Jennifer Darmon rests her hands on her fiance's shoulders, looks into his eyes and takes a step. The dance is clumsy at first, but it gets better.
With no sensation from her hips down, it's amazing Jennifer is on her feet at all. That she will walk down the aisle April 16 and share a first dance with her bridegroom is miraculous. Jennifer, 28, suffered a catastrophic spinal injury in a 2008 car crash. A vertebra broken and the nerves to her spinal cord shredded, she was told by a surgeon in London, Ont., she would never walk again.

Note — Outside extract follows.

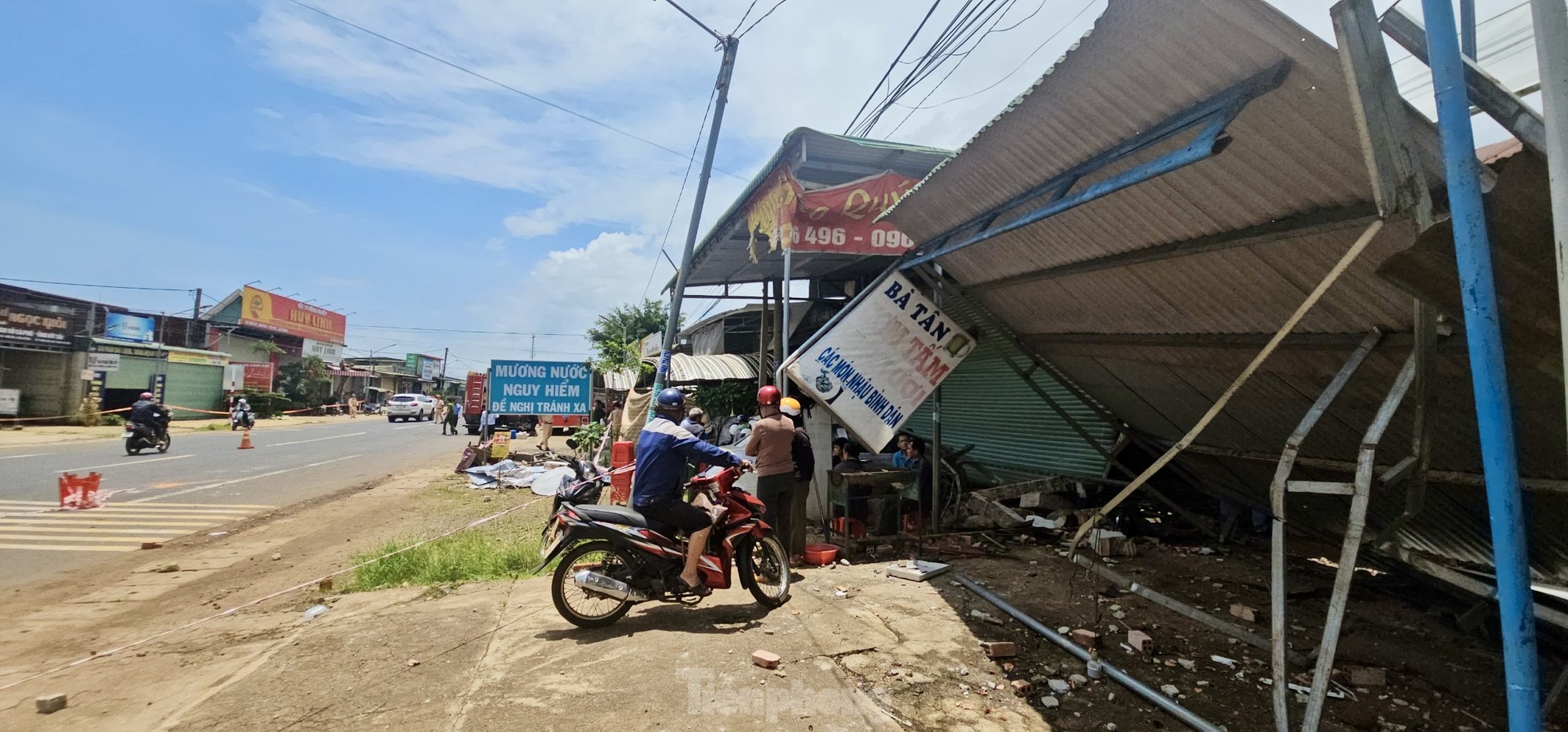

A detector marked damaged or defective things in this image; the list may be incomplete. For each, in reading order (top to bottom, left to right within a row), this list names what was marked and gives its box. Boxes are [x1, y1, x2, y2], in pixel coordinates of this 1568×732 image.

But thanks to a will of steel and leg braces of titanium, she now spends hours on her feet and out of her wheelchair.
Jennifer and fiance Mike Belawetz, 24, practised their wedding dance last week at the Detroit Medical Centre's Rehabilitation Institute of Michigan (RIM). Jennifer has been going to RIM three times a week for two years.
She started with the goal of getting stronger and more independent, but after Mike proposed in June, she set her sights on walking down the aisle."I wasn't going to let this wheelchair stop me," she said. "I always saw myself doing everything the traditional way.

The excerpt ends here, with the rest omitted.